Excusez-moi le titre quelque peu familier de cet article, mais fréquemment, lorsque j’aborde la question de l’étanchéité à l’air, on me jette un regard étonné : « c’est quoi ce truc ?? ».
Je vous propose donc de découvrir cette notion avec une série de 3 courts articles (qui reprennent les 3 questions qu’on me pose quasiment toujours dans le même ordre !).
Une maison étanche ne veut pas dire isolée ?
Aujourd’hui en France lorsqu’on parle de logements économes, on attribue tous les mérites à une bonne isolation ! Dans nos têtes, on lie facilement l’efficacité de l’isolation thermique des bâtiments avec l’emploi de matériaux isolants très performants (ayant une grande résistance thermique R) pour limiter les transferts de chaleur à travers les parois. Ce n’est pas faux, mais disons incomplet.
En réalité, une très bonne isolation ne jouera pas complètement son rôle SI l’enveloppe n’est pas exempte d’infiltrations d’air parasite.
Pour mieux comprendre le phénomène imaginez que vous profitez d’une belle balade sur une plage bretonne, vous portez un (joli) pull à grosses mailles et le vent souffle. Que se passe-t-il ? Et bien vous frissonnez ! Les « infiltrations d’air » limitent le pouvoir isolant du pull ! La solution ? Avec un simple coupe-vent, vous « étanchéifiez » votre enveloppe, et vous vous sentez bien mieux !
Pour l’enveloppe d’une maison, le principe est le même ! Autrement dit, l’isolation sera optimale qu’avec un traitement optimal de l’étanchéité à l’air (notamment à la liaison entre façades et parois, menuiseries extérieures mal posées…).
Premier point à retenir donc : isolation et étanchéité à l’air sont 2 principes distincts, complémentaires ET incontournables pour une construction performante (maison BBC, maison passive, maison positive).
Quel est l’impact et les conséquences de l’inétanchéité ?
Cette notion est très nouvelle en France, on pourrait presque croire que c’est un détail, du « perfectionnement ».
Pas tout à fait !
On estime l’augmentation de la consommation de chauffage des bâtiments standards en France due à une mauvaise étanchéité, de 15 à 20 kWh par rapport à un bâtiment imperméable. Ces valeurs sont fortement augmentées lorsqu’on prend entre autres des logements construits avant 1975 qui représentent environ 63% du parc de logement actuel, où il n’existait pas encore de Réglementation Thermique en vigueur, et qui sont en conséquence pour la plupart de véritables passoires thermiques.

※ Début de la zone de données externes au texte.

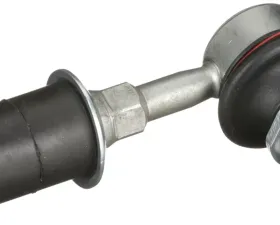 Delphi Suspension Stabilizer Bar Link Toyota Tacoma Front 1995-2004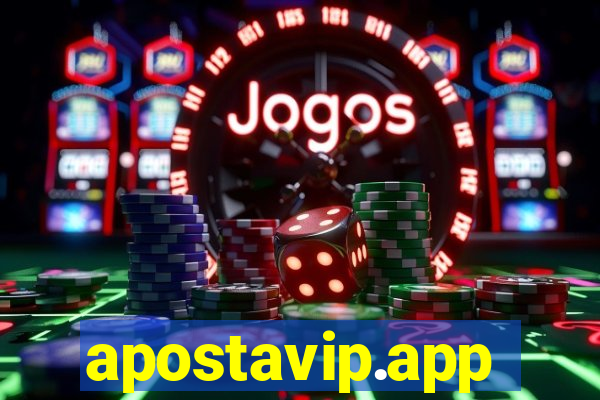 apostavip.app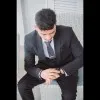 Aaron Ali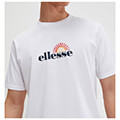 t shirt ellesse trea shv20126 leyko m extra photo 1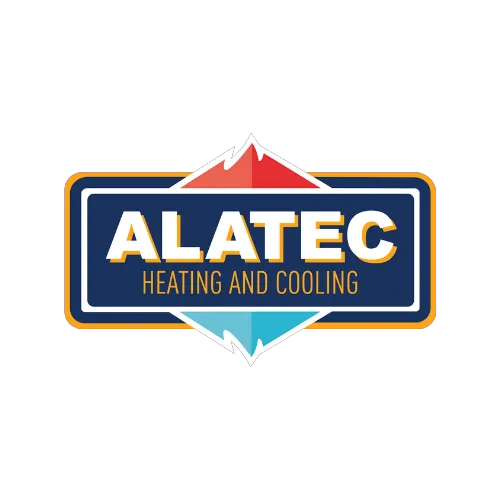 Alatec Heating & Cooling Picture 6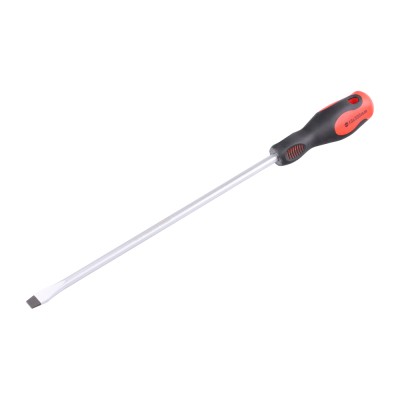 VDE Screwdriver - Slotted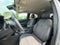 2023 Buick Encore GX Select AWD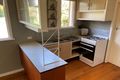 Property photo of 45 Branksome Grove Blackburn South VIC 3130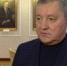 Валерий Зотов - Мир Белогорья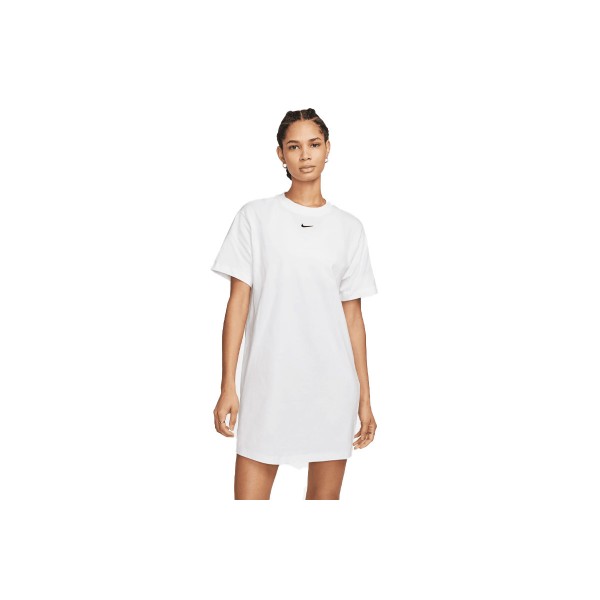 Nike Φόρεμα Mini Γυναικείο (DV7882 100)
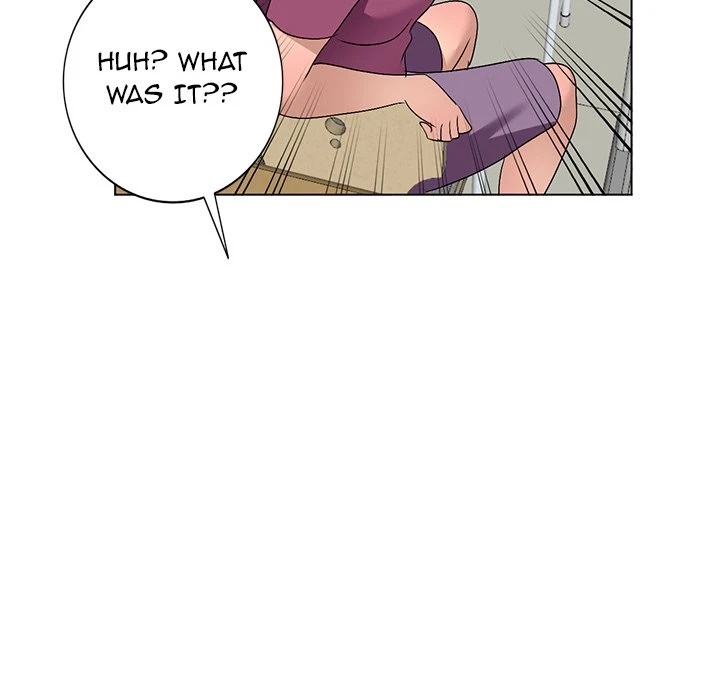 Chapter 25, page 71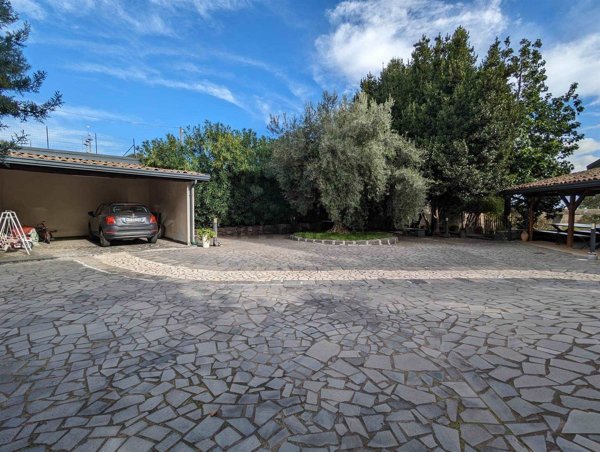 appartamento in vendita ad Acireale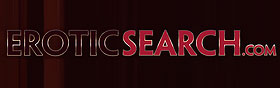 EroticSearch.com 5 Point Review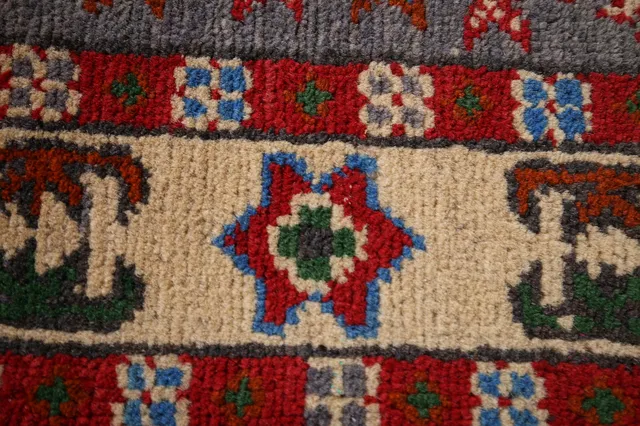 https://image-static-obj.rugsource.com/small/124956_2481804_e5e8f239.jpeg
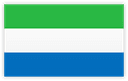 Sierra Leone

Sans nous culpabiliser, il est peut-être bon de rappeler que nos voisins outre-Atlantique se sont posé ces questions bien avant nous. Ce sont d’ailleurs les Américains qui ont conçu une machine permettant de mesurer toutes ces inétanchéités dans l’enveloppe d’une maison !
Comment savoir qu’une maison est trop étanche ?
Je rappelais dans la première partie de l’article l’importance de la prise en compte de l’étanchéité à l’air pour construire et rénover des maisons vraiment économes (donc performantes). Il existe un outil et une méthode pour quantifier le volume de ces inétanchéités : la blowerdoor (= porte soufflante).
Ce test porte les noms (barbares!) de test d’étanchéité à l’air, test de perméabilité à l’air, test d’infiltrométrie, test à la porte-soufflante et test blowerdoor.
Le test d’étanchéité comment ca marche ?
Le test d’étanchéité à l’air se fait grâce à un dispositif spécifique – la Blower Door – qui va permettre mettre en dépression/surpression le bâtiment.
Késako ? Il s’agit de créer une différence de pression entre l’intérieur et l’extérieur du bâtiment, en forçant l’air à entrer/sortir par ces infiltrations, ceci en accentuant légèrement les fuites d’air parasites existantes pour les rendre visible par différents outils.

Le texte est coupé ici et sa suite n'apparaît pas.